EXERCISE OBJECTIVE -> Return the following data exactly, with all pictures left out.
[INFORMATION SHOWN Boundary: Start]
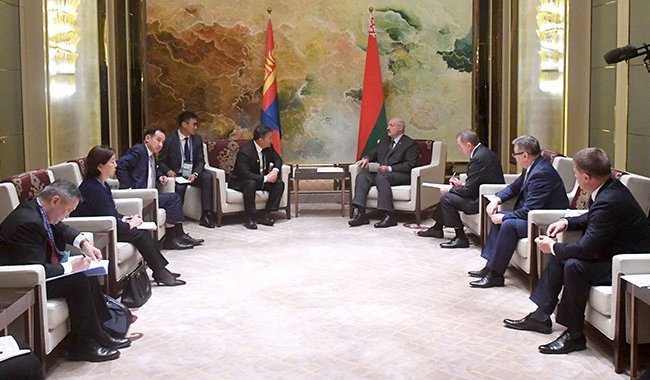 Лукашенко выразил готовность Беларуси создавать высокопроизводительные предприятия в Монголии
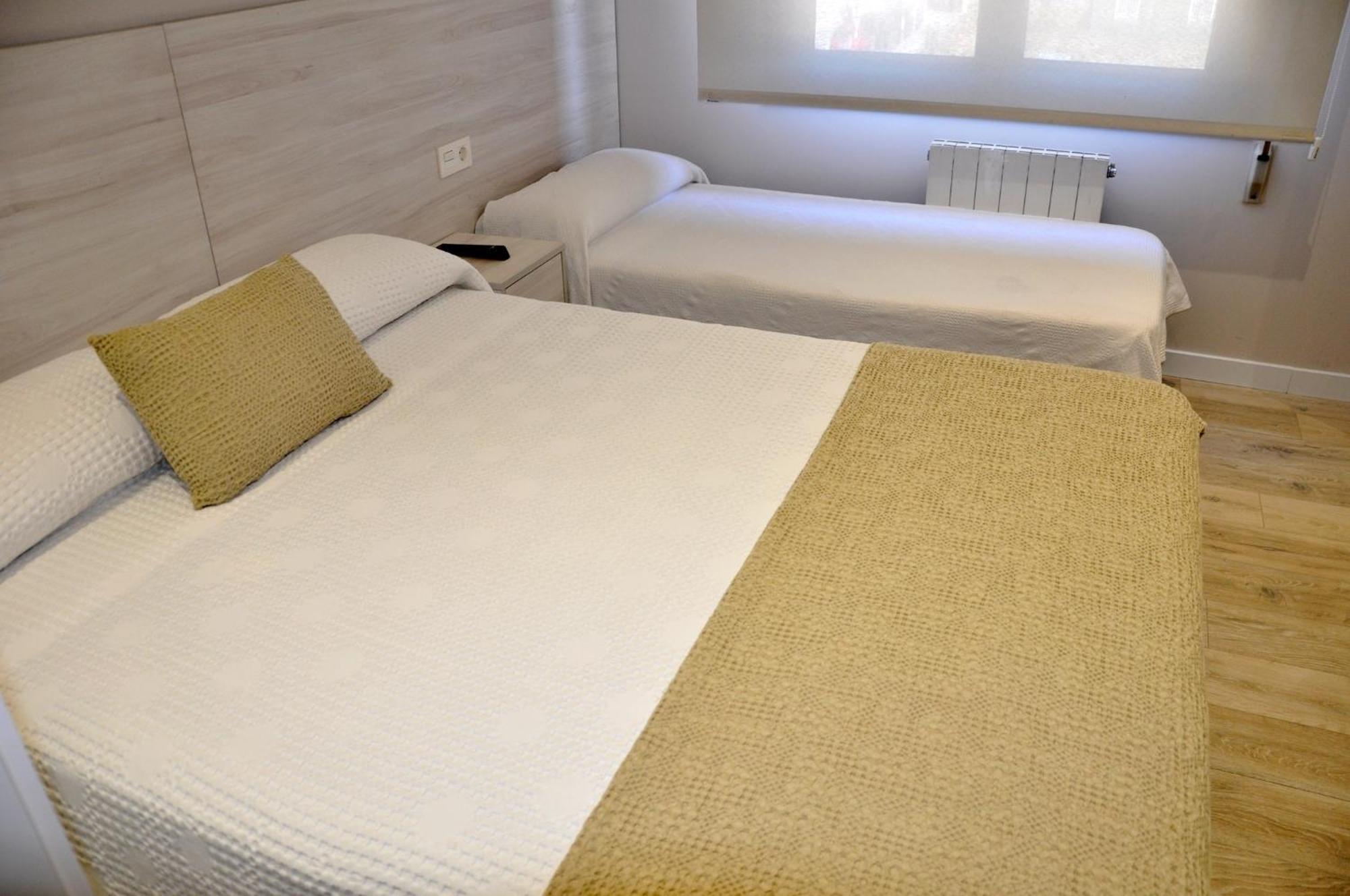 Hostal Paz Gondomar Buitenkant foto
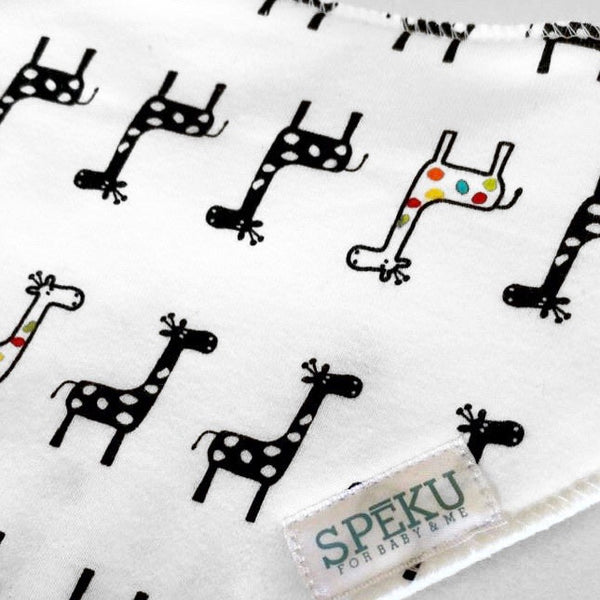 Polka Giraffe Super Drooler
[INFORMATION SHOWN Boundary: End]
PROBLEM SOLUTION ->
 Лукашенко выразил готовность Беларуси создавать высокопроизводительные предприятия в Монголии
 Hostal Paz Gondomar Buitenkant foto
 Polka Giraffe Super Drooler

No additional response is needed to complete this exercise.